The work’s 4th-century-CE compositional status — demonstrated by Graham — does not diminish its importance as a Daoist philosophical text; rather, it makes the Lièzǐ a key witness to the philosophical synthesis of the Eastern Jìn 東晉 period, when Buddhist ideas were being absorbed into the Daoist-xuánxué 玄學 tradition. The eight-piān structure, the character-studies of Yáng Zhū and Confucius, and the embeddedness in the Zhuāngzǐ citational idiom mark the Lièzǐ as a distinctively early-medieval Chinese creation.

The dual-track canonical ascension under the Táng (742, Chōngxū zhēn jīng) and the Northern Sòng (1007, Chōngxū zhìdé zhēn jīng) — together with the parallel Táng canonisation of the Dàodé jīng and the Nánhuá zhēn jīng (the Zhuāngzǐ, KR5c0051) — completed the formal establishment of the “three of Daoism” (Lǎozǐ, Zhuāngzǐ, Lièzǐ) as the foundational philosophical triad of the Daoist canon.
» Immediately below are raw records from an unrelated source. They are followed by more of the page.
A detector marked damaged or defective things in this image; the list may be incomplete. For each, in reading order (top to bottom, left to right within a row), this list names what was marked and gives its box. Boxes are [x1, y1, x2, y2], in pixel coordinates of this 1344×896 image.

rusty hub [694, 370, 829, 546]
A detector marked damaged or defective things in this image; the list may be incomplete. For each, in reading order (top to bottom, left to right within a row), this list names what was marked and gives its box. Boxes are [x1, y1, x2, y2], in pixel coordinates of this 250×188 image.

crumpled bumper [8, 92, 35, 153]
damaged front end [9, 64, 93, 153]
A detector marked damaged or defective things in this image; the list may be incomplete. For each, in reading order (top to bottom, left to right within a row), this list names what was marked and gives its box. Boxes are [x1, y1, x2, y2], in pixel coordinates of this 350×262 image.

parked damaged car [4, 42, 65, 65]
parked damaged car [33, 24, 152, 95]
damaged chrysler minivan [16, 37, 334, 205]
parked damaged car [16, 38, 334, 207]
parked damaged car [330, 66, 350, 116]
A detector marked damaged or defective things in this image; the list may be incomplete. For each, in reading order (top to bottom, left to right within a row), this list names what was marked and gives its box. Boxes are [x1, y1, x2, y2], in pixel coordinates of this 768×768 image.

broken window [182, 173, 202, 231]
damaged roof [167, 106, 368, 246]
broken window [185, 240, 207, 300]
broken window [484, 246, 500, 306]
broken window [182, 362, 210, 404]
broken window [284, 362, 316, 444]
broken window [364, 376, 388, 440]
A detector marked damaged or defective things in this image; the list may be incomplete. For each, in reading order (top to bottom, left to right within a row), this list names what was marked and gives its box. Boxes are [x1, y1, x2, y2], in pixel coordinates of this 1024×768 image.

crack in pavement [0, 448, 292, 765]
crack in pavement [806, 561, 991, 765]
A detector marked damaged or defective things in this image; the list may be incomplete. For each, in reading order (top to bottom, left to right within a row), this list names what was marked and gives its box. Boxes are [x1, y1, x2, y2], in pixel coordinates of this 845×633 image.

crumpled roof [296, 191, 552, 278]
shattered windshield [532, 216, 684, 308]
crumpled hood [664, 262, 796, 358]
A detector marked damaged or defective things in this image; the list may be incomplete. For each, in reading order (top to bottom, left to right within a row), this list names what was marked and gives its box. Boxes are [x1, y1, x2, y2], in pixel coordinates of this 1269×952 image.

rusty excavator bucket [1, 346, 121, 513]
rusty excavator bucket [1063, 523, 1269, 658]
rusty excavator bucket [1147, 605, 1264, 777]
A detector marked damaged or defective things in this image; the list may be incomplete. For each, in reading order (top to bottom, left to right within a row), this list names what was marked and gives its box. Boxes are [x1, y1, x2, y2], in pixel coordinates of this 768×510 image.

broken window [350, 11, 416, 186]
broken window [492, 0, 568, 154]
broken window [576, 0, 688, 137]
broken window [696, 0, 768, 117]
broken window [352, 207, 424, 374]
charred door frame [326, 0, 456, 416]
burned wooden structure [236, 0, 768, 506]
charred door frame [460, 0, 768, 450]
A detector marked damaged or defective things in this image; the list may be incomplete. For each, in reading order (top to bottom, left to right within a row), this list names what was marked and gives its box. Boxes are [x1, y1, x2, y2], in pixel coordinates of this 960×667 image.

The three are regularly presented together in the Daozang under matching editorial conventions (see Schmidt’s note that the portrait-and-biography arrangement is common to the three).

The Lièzǐ’s vivid cosmogonic prose — the Sì tài sequence, the elaborate dialogues on fate and destiny, the fantastic voyages of King Mù of Zhōu — has made the work one of the two or three most widely-read Daoist philosophical texts in the late-imperial period after the Dàodé jīng and the Zhuāngzǐ, and the source of many Chinese proverbs ( Yú Gōng yí shān — Yú Gōng moves the mountain; Qí rén yōu tiān 杞人憂天 — the man of Qǐ who worried that the sky would fall; Kuā fù zhuī rì 夸父追日 — Kuā Fù pursues the sun; Bó Yá jué xián 伯牙絕弦 — Bó Yá breaks his strings [on the death of the friend who understood him]).

Zhāng Zhàn’s commentary — the first to the received text — is philosophically significant in its own right. Zhāng developed a sophisticated xuánxué 玄學 reading of the Lièzǐ that drew heavily on Wáng Bì’s 王弼 Lǎozǐ and Guō Xiàng’s 郭象 Zhuāngzǐ exegetical traditions, fusing the three into a unified Eastern-Jìn Daoist-philosophical system. The commentary is transmitted in the DZ 668 edition in interspersed form; its independent compilation is in DZ 732.